• **What the task requires**
Print the entries in full, word for word, but not the pictures.
╭─ Study material
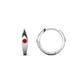 1 - Anissa Ruby Dome Women Huggie Earrings 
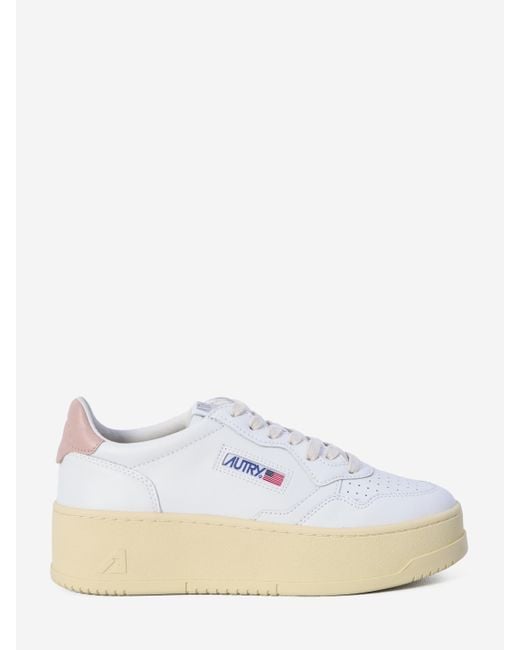 Sneakers Medalist Platform di Autry in White
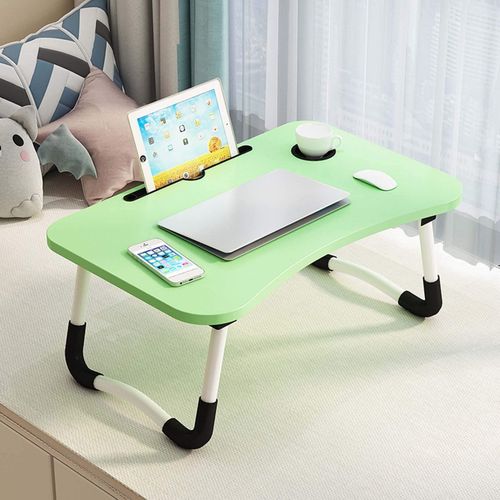 Multi Functional Portable Laptop Desk With Multifunctional Tray Holder With Cup Holder AndDrawer-Perfect For Dining, Reading, Writing In Bed, Sofa, Floor Stable, Durable, Folding - Multicolor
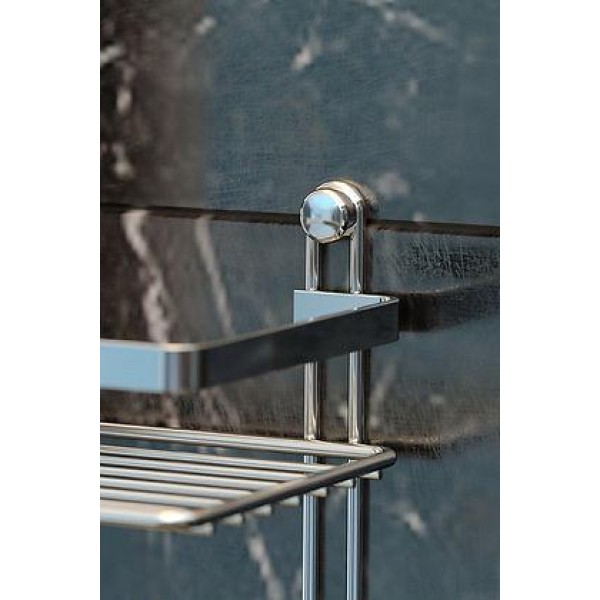 Полка TEKNO-TEL ES065H трехъярусная 25x12x46 см хром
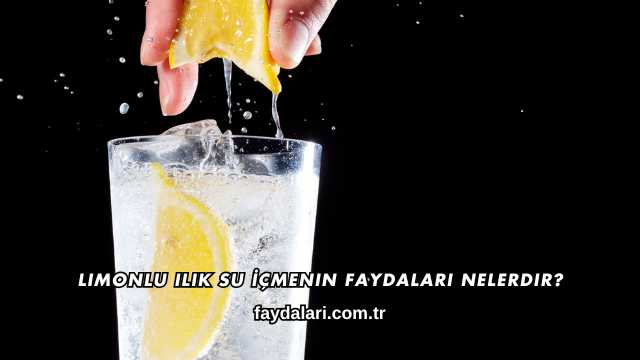 Limonlu Ilık Su İçmenin Faydaları Nelerdir?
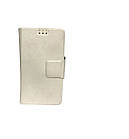 Чохол-книжка "розтяжки з розхлопом" 5,0" WHITE
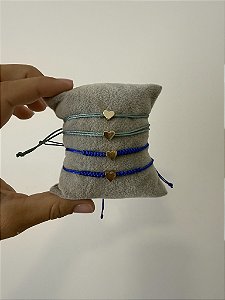 Pulseira Cordinha Coração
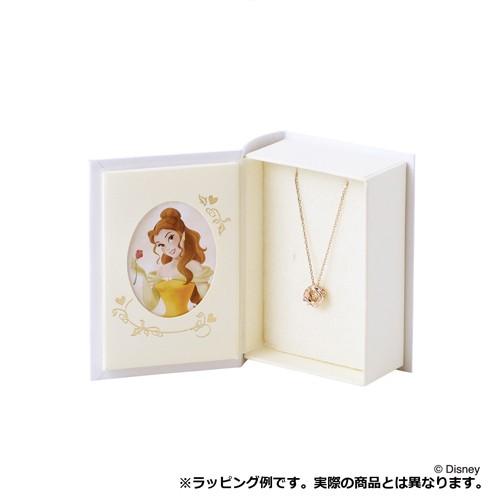 THE KISS ディズニー 美女と野獣 ネックレス アクセサリー ベル 薔薇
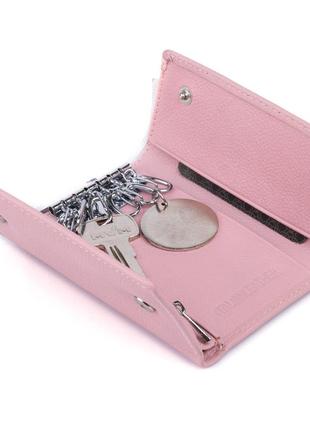 Ключница-кошелек женская st leather 19227 розовая3 фото
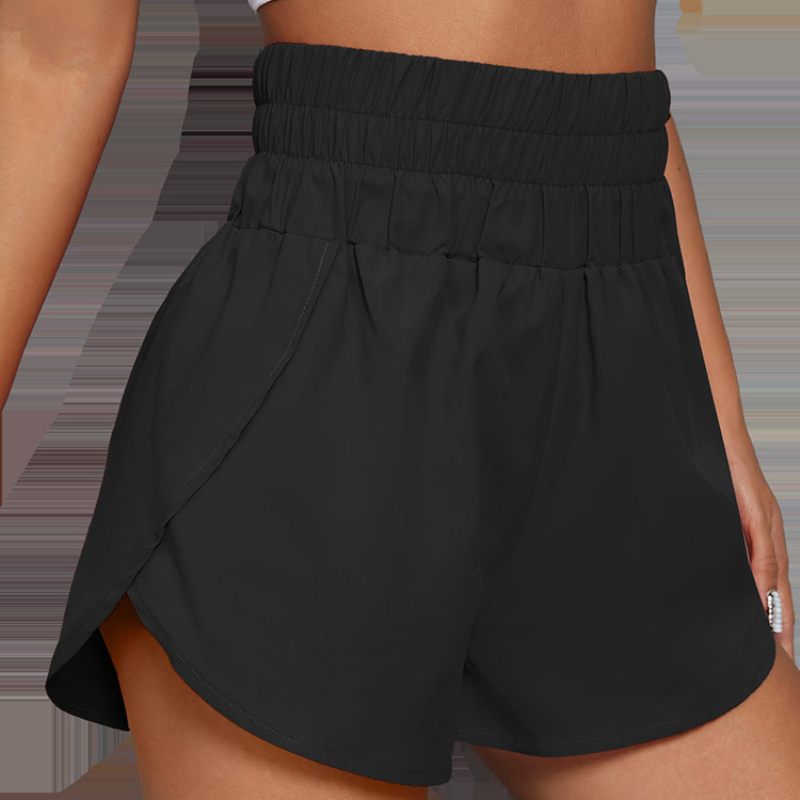 Dames Shorts Hoge Taille Elastiek Losse Sport Casual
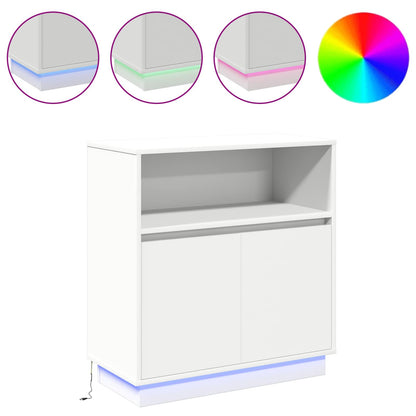 LED Sideboard White 71 x 34.5 x 75 cm Engineered Wood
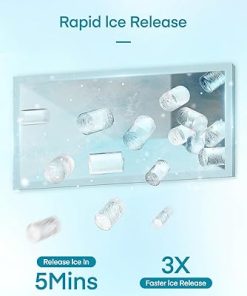 Ice maker store-55lbs Countertop Nugget Ice Maker – Pebble Ice Machine- Soft Chewable Pellets in 5 Min 2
╰─
• **Answer**
 1 - Anissa Ruby Dome Women Huggie Earrings 
 Sneakers Medalist Platform di Autry in White
 Multi Functional Portable Laptop Desk With Multifunctional Tray Holder With Cup Holder AndDrawer-Perfect For Dining, Reading, Writing In Bed, Sofa, Floor Stable, Durable, Folding - Multicolor
 Полка TEKNO-TEL ES065H трехъярусная 25x12x46 см хром
 Limonlu Ilık Su İçmenin Faydaları Nelerdir?
 Чохол-книжка "розтяжки з розхлопом" 5,0" WHITE
 Pulseira Cordinha Coração
 THE KISS ディズニー 美女と野獣 ネックレス アクセサリー ベル 薔薇
 Ключница-кошелек женская st leather 19227 розовая3 фото
 Dames Shorts Hoge Taille Elastiek Losse Sport Casual
 LED Sideboard White 71 x 34.5 x 75 cm Engineered Wood
 Ice maker store-55lbs Countertop Nugget Ice Maker – Pebble Ice Machine- Soft Chewable Pellets in 5 Min 2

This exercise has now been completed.